さらに、表示データ生成部13dは、統合画像に含める対象識別情報の抽出処理、すなわち、表示データの生成に用いる対象識別情報の抽出処理として、以下の処理を行う。表示データ生成部13dは、監視映像の抽出処理によって抽出された動画データに対応する撮影端末IDと受信機管理データ12aにて対応付けられている受信機IDを特定する。この受信機IDは、少なくとも表示条件として指定された受信機IDを含み、1つの撮影端末20に複数の受信機30が対応付けられている場合には、表示条件として指定された受信機ID以外の受信機IDをさらに含む。表示データ生成部13dは、検知データ12dを参照して、特定した受信機IDの受信機30が、時刻指定情報にて指定される期間に受信している発信機40の発信機ID、および、その受信期間を特定する。そして、表示データ生成部13dは、特定された発信機IDと発信機管理データ12bにて対応付けられている対象情報を特定し、特定した対象情報に含まれる少なくとも1つの対象識別情報を、統合画像に含める対象識別情報として抽出する。例えば、表示データ生成部13dは、特定した対象情報のうちの対象IDと監視対象の氏名とを統合画像に含める対象識別情報として抽出する。
表示データ生成部13dは、抽出した監視映像と同一の画面に、抽出した対象識別情報を、監視映像の期間のうちの、対象識別情報に対応する発信機IDの受信期間と一致する期間に表示させるように、統合画像の表示のための表示データを生成する。

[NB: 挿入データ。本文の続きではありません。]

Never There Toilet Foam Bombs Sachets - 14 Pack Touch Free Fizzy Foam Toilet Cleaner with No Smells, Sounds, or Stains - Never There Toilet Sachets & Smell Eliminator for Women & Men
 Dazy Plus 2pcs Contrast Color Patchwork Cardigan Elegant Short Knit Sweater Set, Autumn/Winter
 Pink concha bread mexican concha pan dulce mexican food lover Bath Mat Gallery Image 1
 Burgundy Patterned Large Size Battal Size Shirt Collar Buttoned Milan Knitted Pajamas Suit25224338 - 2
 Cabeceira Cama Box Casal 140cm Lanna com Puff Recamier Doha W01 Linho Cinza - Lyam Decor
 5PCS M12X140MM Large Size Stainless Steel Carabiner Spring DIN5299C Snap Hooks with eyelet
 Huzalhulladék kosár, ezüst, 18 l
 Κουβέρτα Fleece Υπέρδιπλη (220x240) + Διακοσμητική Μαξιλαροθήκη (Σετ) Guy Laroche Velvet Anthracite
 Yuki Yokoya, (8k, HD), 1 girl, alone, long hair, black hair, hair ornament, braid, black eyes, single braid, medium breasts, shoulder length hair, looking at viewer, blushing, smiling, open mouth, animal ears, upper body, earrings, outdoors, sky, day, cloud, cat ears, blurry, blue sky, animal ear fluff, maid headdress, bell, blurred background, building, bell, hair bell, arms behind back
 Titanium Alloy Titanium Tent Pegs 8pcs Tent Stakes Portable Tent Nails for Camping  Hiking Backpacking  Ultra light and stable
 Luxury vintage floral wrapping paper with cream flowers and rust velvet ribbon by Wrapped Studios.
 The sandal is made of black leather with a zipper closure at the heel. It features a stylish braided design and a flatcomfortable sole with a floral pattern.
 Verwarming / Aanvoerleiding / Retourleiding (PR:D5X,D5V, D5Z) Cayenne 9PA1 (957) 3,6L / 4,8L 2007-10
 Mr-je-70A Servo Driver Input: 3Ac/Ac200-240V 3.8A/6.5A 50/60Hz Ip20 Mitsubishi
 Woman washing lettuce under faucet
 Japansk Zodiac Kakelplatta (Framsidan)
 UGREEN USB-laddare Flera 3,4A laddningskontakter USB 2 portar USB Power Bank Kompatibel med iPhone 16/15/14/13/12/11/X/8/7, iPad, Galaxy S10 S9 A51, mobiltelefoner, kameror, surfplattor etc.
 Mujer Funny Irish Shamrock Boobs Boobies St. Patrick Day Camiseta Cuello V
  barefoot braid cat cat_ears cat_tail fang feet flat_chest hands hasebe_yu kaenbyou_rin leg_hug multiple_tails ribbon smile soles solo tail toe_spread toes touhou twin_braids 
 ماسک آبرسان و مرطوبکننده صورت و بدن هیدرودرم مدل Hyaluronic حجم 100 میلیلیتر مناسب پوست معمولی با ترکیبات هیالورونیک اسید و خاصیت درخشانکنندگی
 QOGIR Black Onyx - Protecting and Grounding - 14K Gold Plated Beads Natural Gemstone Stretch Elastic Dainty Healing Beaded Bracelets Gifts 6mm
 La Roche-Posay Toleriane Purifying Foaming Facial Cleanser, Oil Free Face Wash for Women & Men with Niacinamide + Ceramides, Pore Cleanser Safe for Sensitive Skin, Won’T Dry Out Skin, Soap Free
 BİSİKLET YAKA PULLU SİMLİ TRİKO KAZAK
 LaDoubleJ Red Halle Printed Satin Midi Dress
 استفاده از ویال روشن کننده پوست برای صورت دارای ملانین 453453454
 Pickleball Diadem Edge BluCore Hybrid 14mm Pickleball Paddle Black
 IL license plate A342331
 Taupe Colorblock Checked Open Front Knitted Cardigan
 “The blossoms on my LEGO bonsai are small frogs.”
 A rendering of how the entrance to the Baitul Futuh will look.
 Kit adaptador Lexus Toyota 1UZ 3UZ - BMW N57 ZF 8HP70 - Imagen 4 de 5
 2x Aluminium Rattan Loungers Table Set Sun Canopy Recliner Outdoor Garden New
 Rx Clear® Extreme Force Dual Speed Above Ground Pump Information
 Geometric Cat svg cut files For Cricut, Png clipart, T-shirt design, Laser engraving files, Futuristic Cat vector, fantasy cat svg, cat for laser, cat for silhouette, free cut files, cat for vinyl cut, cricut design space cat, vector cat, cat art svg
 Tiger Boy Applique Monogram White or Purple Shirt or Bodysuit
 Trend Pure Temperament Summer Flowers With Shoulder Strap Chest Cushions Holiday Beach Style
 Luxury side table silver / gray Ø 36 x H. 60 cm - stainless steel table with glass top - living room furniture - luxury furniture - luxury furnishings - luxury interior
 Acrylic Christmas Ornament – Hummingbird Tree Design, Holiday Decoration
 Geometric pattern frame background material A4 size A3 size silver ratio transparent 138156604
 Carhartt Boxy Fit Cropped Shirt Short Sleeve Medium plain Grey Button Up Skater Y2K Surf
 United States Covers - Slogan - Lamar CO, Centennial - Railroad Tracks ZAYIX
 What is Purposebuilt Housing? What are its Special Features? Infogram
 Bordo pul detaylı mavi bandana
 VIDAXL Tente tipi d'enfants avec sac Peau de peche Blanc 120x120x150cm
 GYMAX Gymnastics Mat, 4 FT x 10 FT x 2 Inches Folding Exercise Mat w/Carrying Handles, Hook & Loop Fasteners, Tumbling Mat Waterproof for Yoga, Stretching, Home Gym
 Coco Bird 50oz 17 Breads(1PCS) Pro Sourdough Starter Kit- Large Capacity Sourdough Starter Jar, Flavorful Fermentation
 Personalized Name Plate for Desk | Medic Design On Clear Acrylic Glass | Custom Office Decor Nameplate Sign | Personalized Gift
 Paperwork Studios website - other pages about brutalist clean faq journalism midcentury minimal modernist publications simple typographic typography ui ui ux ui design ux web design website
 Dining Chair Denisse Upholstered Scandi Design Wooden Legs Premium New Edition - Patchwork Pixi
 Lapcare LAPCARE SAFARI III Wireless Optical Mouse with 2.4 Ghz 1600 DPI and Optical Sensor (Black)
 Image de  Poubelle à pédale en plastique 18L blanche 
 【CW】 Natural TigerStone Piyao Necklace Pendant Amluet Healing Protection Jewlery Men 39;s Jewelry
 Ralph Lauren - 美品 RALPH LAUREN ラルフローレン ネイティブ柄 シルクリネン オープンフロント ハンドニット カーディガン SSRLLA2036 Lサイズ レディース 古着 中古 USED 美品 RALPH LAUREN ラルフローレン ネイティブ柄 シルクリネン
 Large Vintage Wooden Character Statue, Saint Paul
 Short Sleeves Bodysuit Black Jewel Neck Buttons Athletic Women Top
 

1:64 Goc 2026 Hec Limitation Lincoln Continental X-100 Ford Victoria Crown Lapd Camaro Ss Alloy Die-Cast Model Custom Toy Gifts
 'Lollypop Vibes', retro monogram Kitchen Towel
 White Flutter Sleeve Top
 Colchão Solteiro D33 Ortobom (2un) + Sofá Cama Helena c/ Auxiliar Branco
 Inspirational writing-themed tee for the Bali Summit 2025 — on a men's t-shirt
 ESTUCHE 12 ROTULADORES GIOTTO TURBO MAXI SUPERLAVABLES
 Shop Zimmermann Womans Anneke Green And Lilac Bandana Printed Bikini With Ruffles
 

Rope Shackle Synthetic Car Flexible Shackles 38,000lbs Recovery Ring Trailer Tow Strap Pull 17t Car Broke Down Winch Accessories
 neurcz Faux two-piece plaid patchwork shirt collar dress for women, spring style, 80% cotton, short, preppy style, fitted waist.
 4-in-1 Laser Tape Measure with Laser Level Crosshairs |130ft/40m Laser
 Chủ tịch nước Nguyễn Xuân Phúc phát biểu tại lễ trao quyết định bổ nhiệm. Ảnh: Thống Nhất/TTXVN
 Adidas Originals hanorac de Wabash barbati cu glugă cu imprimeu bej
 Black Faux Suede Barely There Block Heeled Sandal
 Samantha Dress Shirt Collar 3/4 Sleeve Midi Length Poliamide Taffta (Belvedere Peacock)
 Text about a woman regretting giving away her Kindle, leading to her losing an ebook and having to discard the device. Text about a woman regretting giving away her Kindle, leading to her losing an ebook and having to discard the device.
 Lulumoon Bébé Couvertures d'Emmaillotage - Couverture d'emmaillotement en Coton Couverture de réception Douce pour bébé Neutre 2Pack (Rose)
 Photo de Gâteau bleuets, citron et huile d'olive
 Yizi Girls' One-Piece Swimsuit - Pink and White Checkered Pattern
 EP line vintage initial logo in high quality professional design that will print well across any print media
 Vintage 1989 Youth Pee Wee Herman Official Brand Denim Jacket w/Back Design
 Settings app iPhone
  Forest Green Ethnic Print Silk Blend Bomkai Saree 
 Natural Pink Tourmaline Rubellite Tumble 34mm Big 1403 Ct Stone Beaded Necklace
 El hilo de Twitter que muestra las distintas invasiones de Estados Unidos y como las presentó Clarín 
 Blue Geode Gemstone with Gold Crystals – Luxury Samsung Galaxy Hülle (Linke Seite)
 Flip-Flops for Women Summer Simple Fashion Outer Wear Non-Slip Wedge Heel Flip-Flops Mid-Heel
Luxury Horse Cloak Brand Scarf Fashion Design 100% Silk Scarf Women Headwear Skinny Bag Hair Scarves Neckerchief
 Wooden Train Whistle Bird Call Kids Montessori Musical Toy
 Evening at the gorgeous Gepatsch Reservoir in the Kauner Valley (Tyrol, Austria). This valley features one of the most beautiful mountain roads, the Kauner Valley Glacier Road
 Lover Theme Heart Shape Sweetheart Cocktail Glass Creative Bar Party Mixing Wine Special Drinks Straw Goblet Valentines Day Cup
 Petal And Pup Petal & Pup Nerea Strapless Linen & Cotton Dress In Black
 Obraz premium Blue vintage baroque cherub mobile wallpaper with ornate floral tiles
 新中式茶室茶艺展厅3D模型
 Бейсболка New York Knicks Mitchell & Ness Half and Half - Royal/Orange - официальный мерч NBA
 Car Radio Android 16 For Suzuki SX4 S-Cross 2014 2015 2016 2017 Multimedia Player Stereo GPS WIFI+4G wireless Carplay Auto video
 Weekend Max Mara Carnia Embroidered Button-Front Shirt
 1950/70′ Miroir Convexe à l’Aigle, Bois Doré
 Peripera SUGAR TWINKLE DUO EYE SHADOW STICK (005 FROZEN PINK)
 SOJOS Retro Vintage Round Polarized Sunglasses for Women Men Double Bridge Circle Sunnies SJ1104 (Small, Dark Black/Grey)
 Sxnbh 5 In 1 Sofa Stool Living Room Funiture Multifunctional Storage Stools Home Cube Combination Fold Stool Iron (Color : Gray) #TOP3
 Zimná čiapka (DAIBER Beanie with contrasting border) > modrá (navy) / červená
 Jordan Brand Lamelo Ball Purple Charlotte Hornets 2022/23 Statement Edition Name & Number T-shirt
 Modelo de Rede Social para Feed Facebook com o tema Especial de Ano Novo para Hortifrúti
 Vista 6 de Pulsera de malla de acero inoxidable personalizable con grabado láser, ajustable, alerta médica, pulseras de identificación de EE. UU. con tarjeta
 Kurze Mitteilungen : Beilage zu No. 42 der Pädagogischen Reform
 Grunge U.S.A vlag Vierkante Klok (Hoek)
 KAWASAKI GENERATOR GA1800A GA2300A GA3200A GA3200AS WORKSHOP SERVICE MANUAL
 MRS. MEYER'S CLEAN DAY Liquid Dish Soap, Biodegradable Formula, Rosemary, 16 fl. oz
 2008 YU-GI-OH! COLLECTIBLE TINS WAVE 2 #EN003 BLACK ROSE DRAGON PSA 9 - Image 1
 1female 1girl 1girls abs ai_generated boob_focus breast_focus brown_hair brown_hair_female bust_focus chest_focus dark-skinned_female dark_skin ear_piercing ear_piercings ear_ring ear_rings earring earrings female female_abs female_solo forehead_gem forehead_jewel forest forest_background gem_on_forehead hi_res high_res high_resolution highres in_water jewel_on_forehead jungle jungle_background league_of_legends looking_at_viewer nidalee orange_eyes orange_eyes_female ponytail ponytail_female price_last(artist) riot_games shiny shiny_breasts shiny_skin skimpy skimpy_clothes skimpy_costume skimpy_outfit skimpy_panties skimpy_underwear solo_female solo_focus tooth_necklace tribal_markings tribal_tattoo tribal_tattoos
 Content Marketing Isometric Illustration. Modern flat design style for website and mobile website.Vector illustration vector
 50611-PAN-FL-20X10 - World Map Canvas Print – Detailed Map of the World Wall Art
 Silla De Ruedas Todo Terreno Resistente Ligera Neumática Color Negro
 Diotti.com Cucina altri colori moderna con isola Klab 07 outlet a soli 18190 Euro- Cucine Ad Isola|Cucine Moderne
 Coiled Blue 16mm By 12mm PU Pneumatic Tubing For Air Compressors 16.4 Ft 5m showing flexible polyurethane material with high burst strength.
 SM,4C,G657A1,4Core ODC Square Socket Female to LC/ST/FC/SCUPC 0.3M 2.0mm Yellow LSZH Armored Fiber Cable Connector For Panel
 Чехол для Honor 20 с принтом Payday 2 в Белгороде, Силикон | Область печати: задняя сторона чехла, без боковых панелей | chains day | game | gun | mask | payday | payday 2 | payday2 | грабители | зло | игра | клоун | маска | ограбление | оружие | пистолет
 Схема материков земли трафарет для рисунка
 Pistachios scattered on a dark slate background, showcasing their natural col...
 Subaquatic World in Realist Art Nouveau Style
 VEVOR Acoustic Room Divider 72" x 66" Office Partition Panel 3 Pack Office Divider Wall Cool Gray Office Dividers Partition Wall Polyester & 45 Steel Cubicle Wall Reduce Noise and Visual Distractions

こうした表示データは、例えば、複数のレイヤーの合成によって、抽出された監視映像と重ねて対象識別情報を表示させるデータであってもよいし、抽出された監視映像と対象識別情報とを、1つの画面内における互いに異なる領域に表示させるデータであってもよい。
例えば、図10のように発信機IDが検知された場合において、表示条件として、アーカイブモードが指定され、時刻指定情報にて9:00〜11:00の期間が指定され、BR01の受信機IDが指定されたとする。この期間、BR01の受信機30の受信範囲かつC01の撮影端末20の撮影範囲である領域RAには、9:00〜9:15の期間に、P01の監視対象が存在し、9:15〜9:30の期間に、P01およびP02の監視対象が存在し、9:30〜9:45の期間に、P02の監視対象が存在していた。さらに、領域RAには、10:30〜11:00の期間に、P01の監視対象が存在していた。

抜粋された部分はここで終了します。